On a sunny summer afternoon in 2010, I was sitting in a University Village coffee shop. A few people were scattered here and there, quietly sipping their lattes, entranced by their phones and computers. Then, coming up the stairs, a giant of a man appeared. “You must be Jon,” he said in a booming voice that caught everyone’s attention. “Pleased to meet you.”
That man was Husky royalty: Frazer Cook, the legendary announcer for the Husky Marching Band.
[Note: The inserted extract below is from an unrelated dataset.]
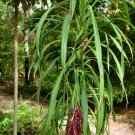 10 AU Seeds Narrow Leaved Palm Lily Cordyline stricta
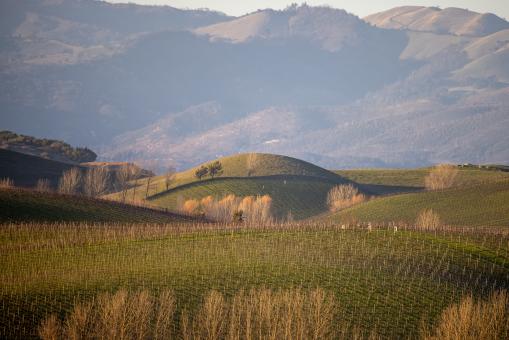 Free Stock Photo of Napa valley landscape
For years, I had heard his voice fill up Husky Stadium on warm and cold Saturday afternoons, introducing everyone’s favorite marching band and every song it would play, from “The Star Spangled Banner” to “Bow Down to Washington” to “That’s the Way I Like It.” Hearing his voice was as exciting and comforting as the view of Lake Washington.
Meeting him for the first time, I could tell that he had worked in radio (he was a former CBS Radio newsman). His God-given authoritative voice was perfect for delivering the news and making us feel that we were OK—just like Walter Cronkite.
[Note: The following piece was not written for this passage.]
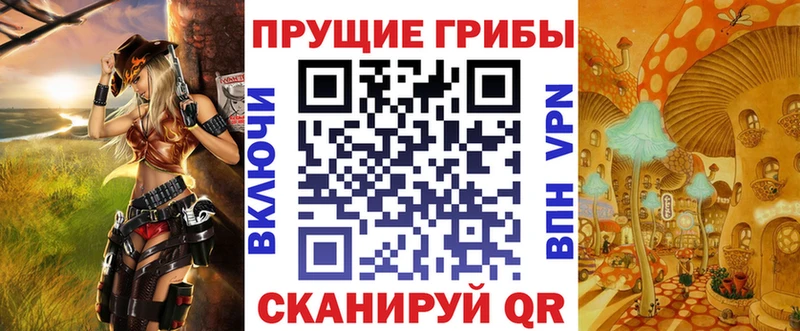 KRAKEN как войти Жуков Псилоцибиновые грибы Psilocybe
A 1965 graduate of the UW College of Arts & Sciences, he earned his degree in radio and television and went on to be the official voice for the Husky Marching Band for an astounding 57 years. The gig started when he was a 19-year-old UW sophomore. The Husky Marching Band was in the market for a new announcer, and Cook, who had little public speaking experience other than appearing in high school plays, was recruited from his dorm room to try out for the position at 9 a.m. one Saturday. (He learned then that a game was set to kick off three hours later.) Cook got the job.
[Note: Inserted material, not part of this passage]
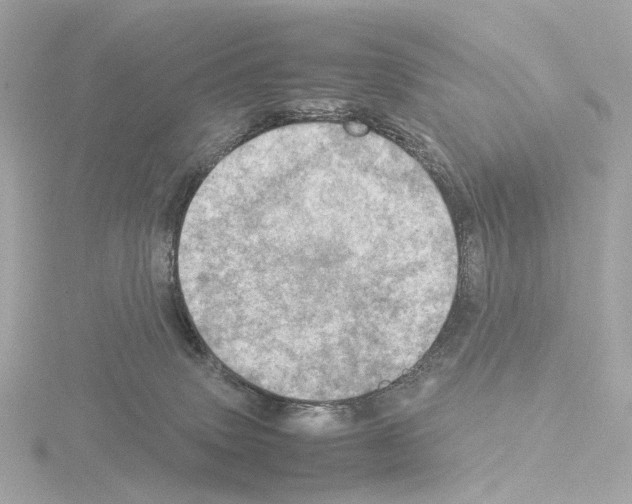 X0000115580083200912221057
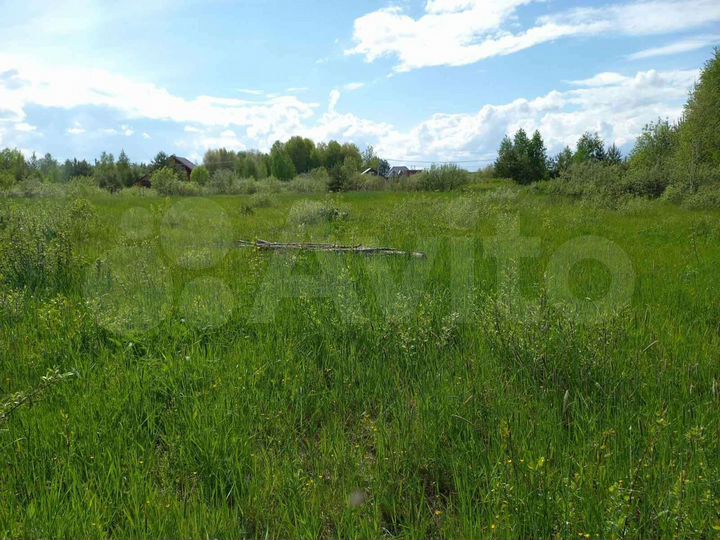 Участок 16 сот. (СНТ, ДНП)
The match couldn’t have been better—between Cook and the Husky Marching Band and between Cook and Husky fans. Cook’s love for the Huskies and his alma mater knew no bounds. Besides being a fixture inside Husky Stadium, he was a good friend to the UW Alumni Association.
A week after meeting Cook for coffee, I accompanied him to empty Husky Stadium for a photo shoot on a gorgeous midweek day. As the photographer captured him posing in different parts of the stadium, Cook recalled the 650 halftime and pregame band performances, how he spent the first 33 years announcing from the field, and the friendships he made.
Cook’s final performance came on Sept. 8, 2018, when the Huskies hosted North Dakota. On this day—declared Frazer Cook Day by King County Executive Dow Constantine, ’85, ’88, ’92—a group of Husky Marching Band alums created a “tunnel” for Cook to walk through. He didn’t like the attention. “I’m not part of the show. No one should notice me,” he told me in 2010. He called his time with the Husky Marching Band “an honor, a privilege and a pleasure.” Husky fans everywhere felt the same way about him. Sadly, Cook died Sept. 23 at the age of 78. He may be gone but we will always be pleased that we had the chance to get to know him.
At top: The Husky Marching Band shows how it feels about its longtime announcer before a 2000 game in Husky Stadium.